All of this was part of a big shift in Catholic practice. In the nineteenth Century because of the scrupulous ideas of Jansenism the norm of Catholic piety was to attend mass frequently but without receiving communion. Early in the twentieth century in New Zealand it was not unusual to have a Sunday Mass in which none of the congregation took communion. Part of fulfilling one’s “Easter duty” as a Catholic is to take communion during Lent or Eastertide. For some Catholics because of their reverence for the sacrament and their consciousness of their own sinfulness this was the only time during the year that they received.

My impression is that papal and conciliar teaching has been effective and completely changed the habits of churchgoers. The norm for mass-attenders today is to take communion every time. Whole congregations come forward to receive, sometimes organised on a pew-by-pew basis. It can be hard to not go forward at communion time.

The same is not true for the Sacrament of Reconciliation. That sacrament is considerably less well-attended than it was in years past.

My fear is that by linking mass-attendance and communion-going so strongly we are making it difficult for people to come to mass and not to take communion. There can be many reasons to choose to do this: non-Catholics attending with their partner, Catechumens, children who have not made first communion, those who ate something just before mass, people who judge themselves as unready to receive.

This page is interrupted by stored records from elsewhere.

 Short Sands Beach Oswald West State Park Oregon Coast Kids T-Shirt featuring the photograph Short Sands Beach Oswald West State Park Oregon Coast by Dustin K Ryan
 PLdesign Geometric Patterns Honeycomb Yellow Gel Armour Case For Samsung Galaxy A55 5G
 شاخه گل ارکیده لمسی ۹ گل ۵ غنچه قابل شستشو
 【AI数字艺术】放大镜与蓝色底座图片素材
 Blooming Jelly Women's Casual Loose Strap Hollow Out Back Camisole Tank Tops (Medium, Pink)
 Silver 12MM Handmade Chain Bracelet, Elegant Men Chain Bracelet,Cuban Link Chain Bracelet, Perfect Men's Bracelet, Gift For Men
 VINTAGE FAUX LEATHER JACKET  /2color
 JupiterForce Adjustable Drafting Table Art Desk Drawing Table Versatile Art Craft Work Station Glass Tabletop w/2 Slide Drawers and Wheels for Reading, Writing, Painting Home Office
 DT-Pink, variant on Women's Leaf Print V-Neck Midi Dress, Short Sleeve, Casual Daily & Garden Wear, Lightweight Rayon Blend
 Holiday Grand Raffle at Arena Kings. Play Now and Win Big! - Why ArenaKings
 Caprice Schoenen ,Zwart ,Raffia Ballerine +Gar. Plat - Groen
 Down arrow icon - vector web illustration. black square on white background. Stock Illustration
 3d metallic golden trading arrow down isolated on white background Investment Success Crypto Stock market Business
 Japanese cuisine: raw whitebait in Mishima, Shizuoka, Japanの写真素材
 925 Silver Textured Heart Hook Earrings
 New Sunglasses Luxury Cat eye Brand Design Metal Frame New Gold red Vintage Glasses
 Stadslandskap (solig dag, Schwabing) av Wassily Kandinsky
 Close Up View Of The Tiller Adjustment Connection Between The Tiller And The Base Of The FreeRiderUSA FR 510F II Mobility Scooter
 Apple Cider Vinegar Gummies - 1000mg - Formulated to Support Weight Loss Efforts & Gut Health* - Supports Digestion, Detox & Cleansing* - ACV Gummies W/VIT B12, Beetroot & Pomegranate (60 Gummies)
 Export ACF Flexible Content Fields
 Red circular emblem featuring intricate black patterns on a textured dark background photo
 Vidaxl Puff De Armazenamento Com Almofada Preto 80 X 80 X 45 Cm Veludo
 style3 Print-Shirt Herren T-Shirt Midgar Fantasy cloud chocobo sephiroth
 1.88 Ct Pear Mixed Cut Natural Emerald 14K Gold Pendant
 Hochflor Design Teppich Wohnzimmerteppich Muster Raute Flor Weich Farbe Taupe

A wonderful practise has appeared in New Zealand and elsewhere, perhaps emerging from the Catholic schools (where they have school masses with many non-Catholics in attendance). It involves signalling to the minister of communion that you wish to receive a blessing rather than the host. The usual signal is one or both hands across your chest. In response the minister will stretch out their empty hand and say a short prayer. Blessing

The Auckland Diocesan Liturgy Office encourages that the prayer be extremely short eg. “May the Lord bless you. Amen” or “May the Love of God be in your heart. Amen” or “May Father, Son and Holy Spirit bless you. Amen.” The idea being that it should not take longer than receiving communion, and that it be formal and ritual rather than conversational and improvised.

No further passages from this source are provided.